[[ The data open ]]

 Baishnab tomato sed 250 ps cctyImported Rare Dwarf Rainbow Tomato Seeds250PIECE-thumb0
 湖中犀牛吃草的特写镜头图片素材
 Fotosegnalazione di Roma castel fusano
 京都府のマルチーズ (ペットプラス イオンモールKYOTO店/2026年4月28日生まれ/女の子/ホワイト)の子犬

[[ The data closed ]]
[[ The data open ]]

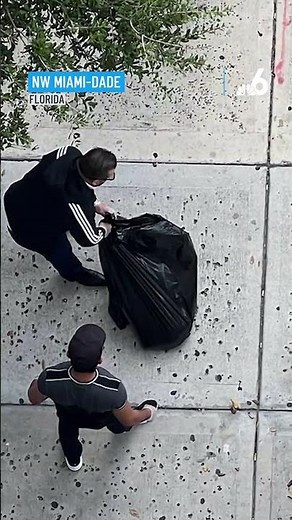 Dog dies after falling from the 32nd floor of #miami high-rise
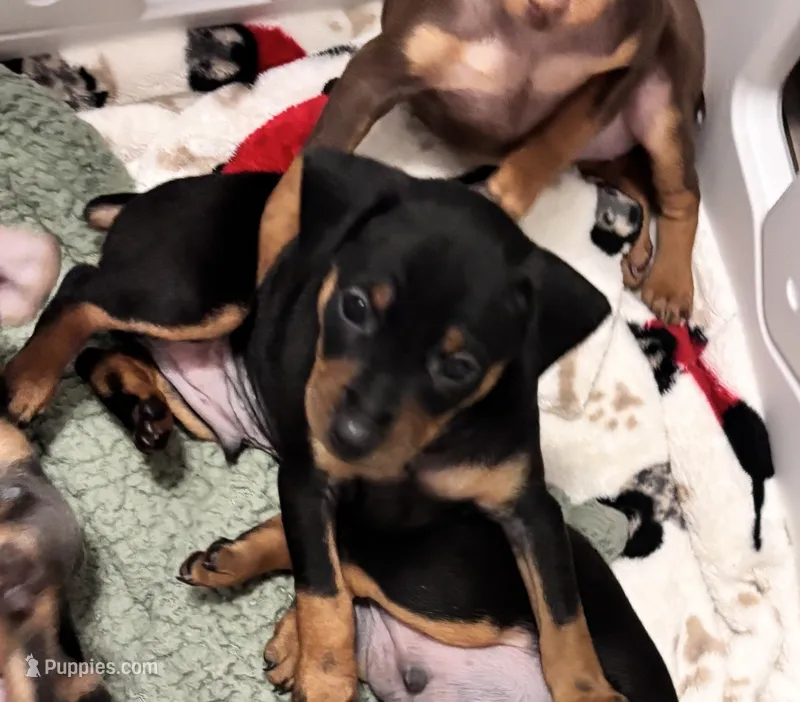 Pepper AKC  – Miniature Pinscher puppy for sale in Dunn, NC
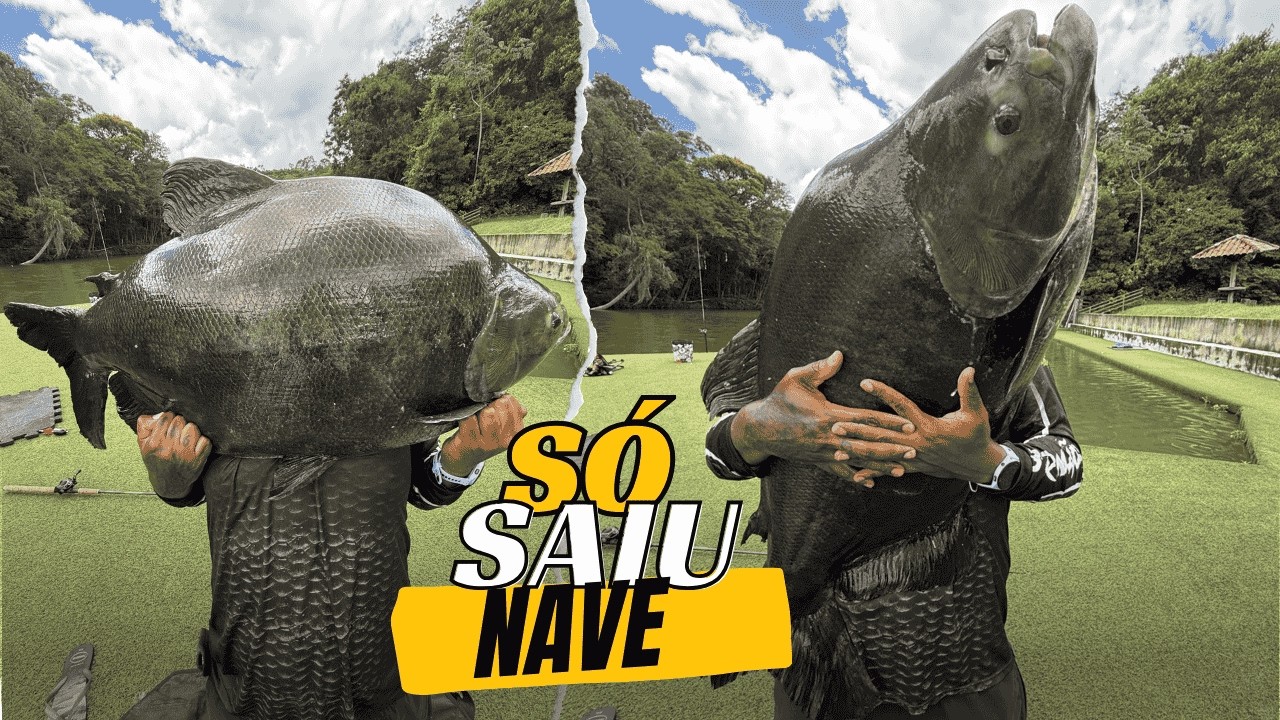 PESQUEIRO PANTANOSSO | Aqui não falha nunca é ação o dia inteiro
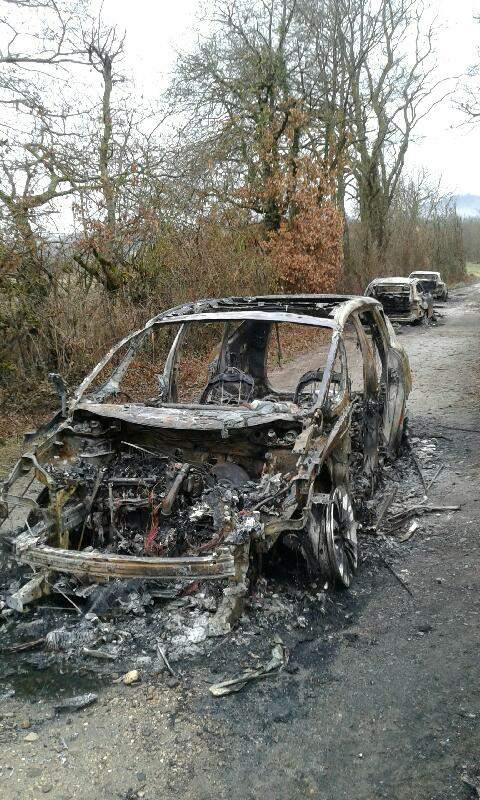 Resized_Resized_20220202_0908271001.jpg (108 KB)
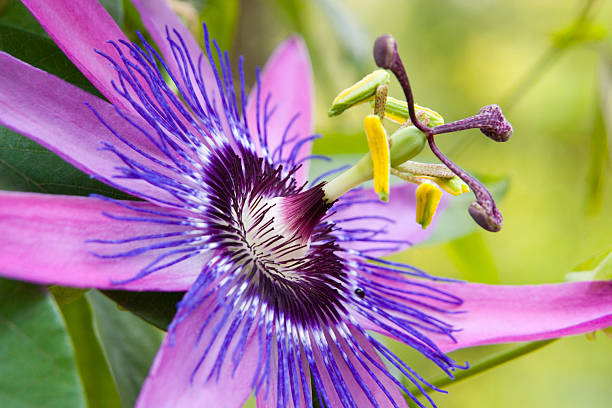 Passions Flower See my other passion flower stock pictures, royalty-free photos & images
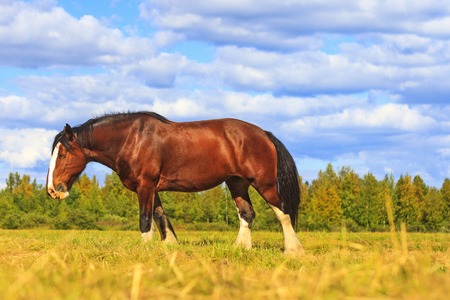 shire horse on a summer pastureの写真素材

[[ The data closed ]]
[[ The data open ]]

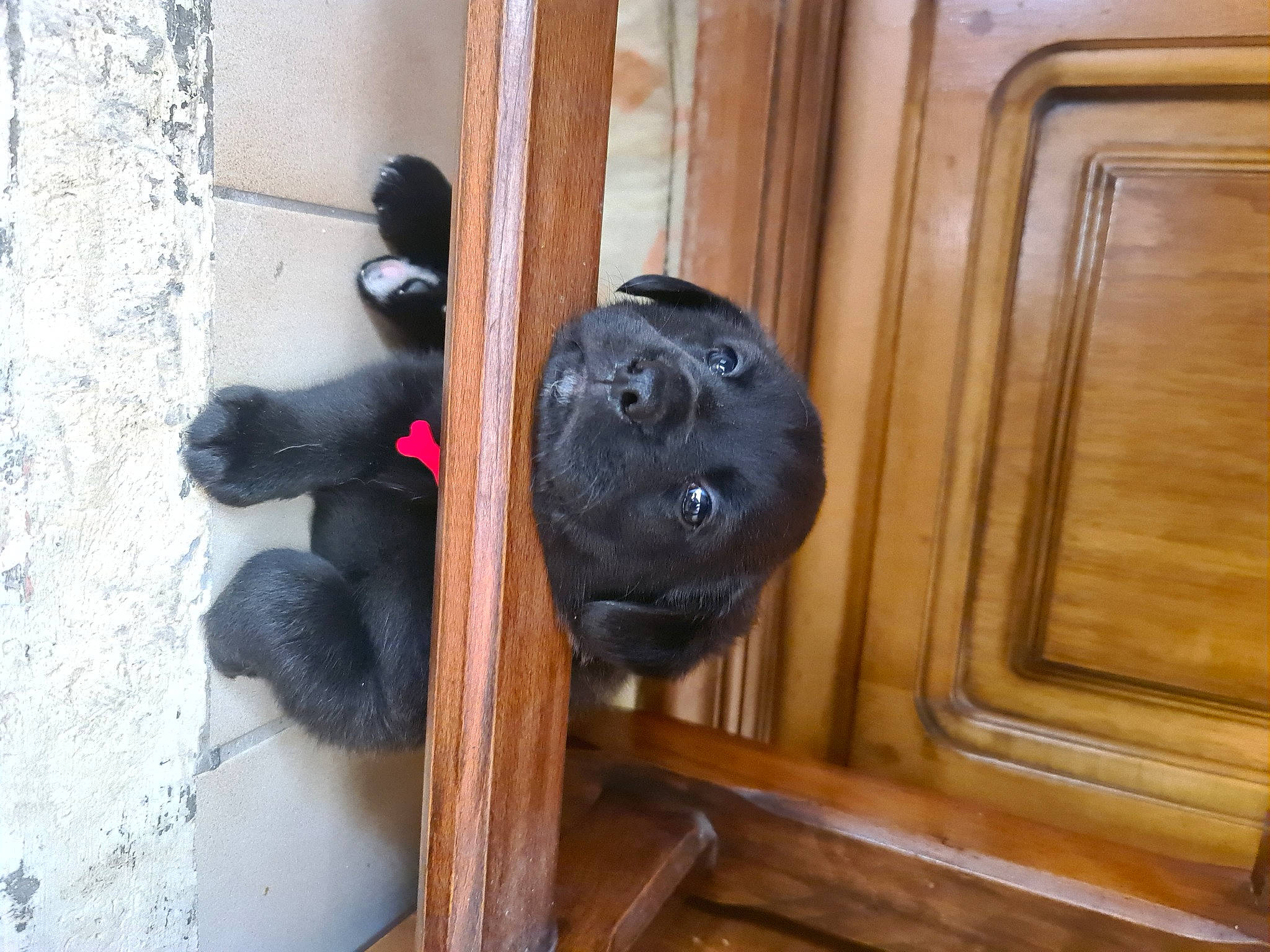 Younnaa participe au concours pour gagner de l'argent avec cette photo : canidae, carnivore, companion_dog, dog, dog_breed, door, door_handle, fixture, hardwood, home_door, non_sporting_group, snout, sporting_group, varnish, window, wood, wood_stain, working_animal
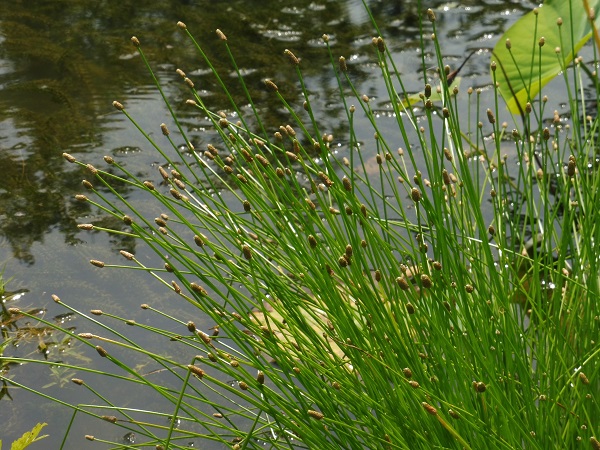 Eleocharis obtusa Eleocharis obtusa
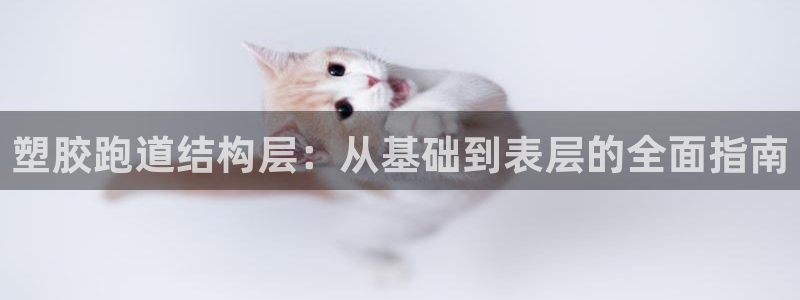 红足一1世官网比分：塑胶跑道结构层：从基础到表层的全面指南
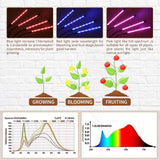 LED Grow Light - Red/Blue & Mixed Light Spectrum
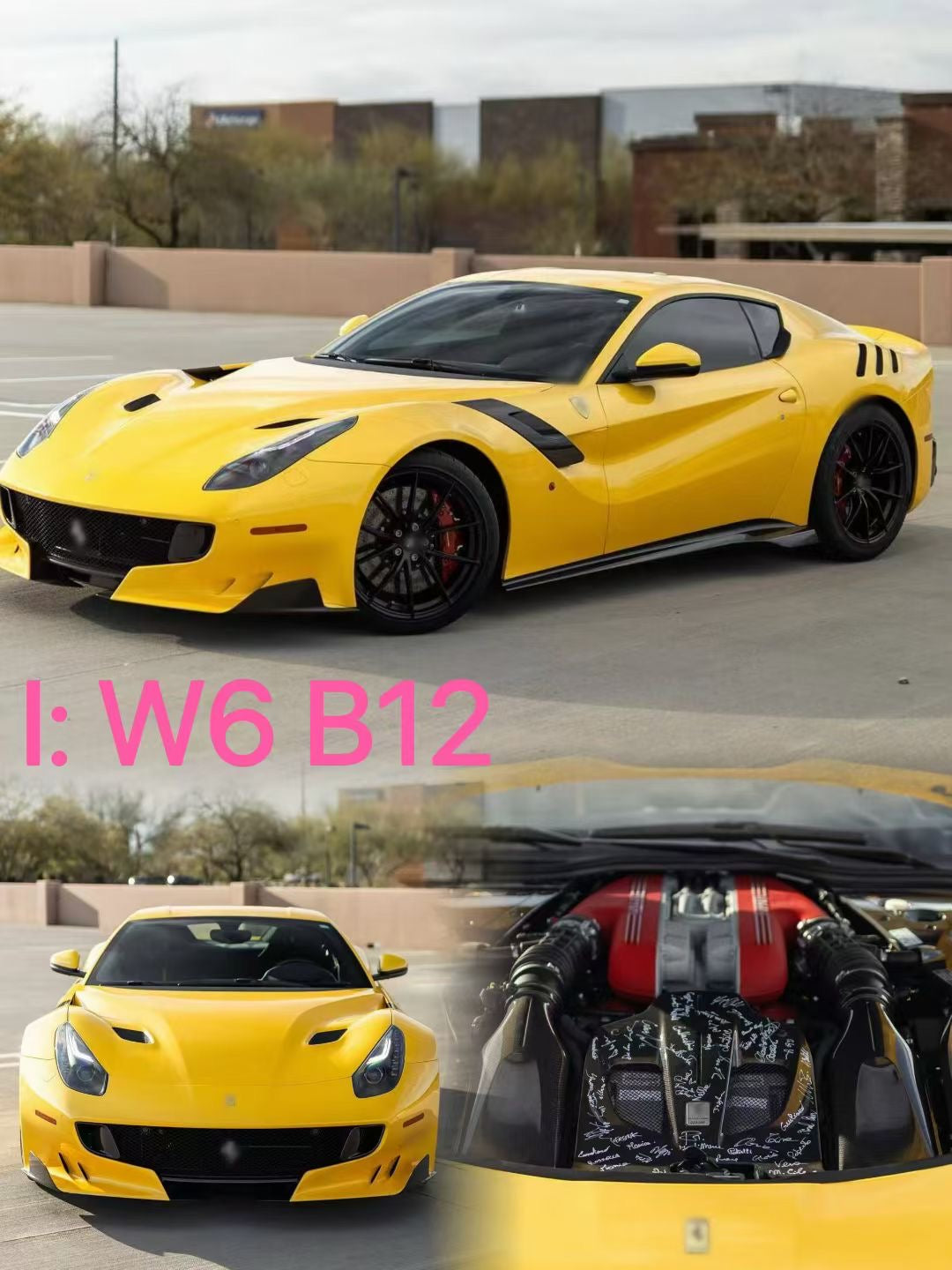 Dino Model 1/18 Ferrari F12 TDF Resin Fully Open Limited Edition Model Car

[[ The data closed ]]

**Task to carry out**
Repeat exactly, and only, the entries from the line with "红足一1世官网比分：塑胶跑道结构层：从基础到表层的全面指南" through the line with "Dino Model 1/18". Pictures are skipped.

**Exercise output**
 红足一1世官网比分：塑胶跑道结构层：从基础到表层的全面指南
 LED Grow Light - Red/Blue & Mixed Light Spectrum
 Dino Model 1/18 Ferrari F12 TDF Resin Fully Open Limited Edition Model Car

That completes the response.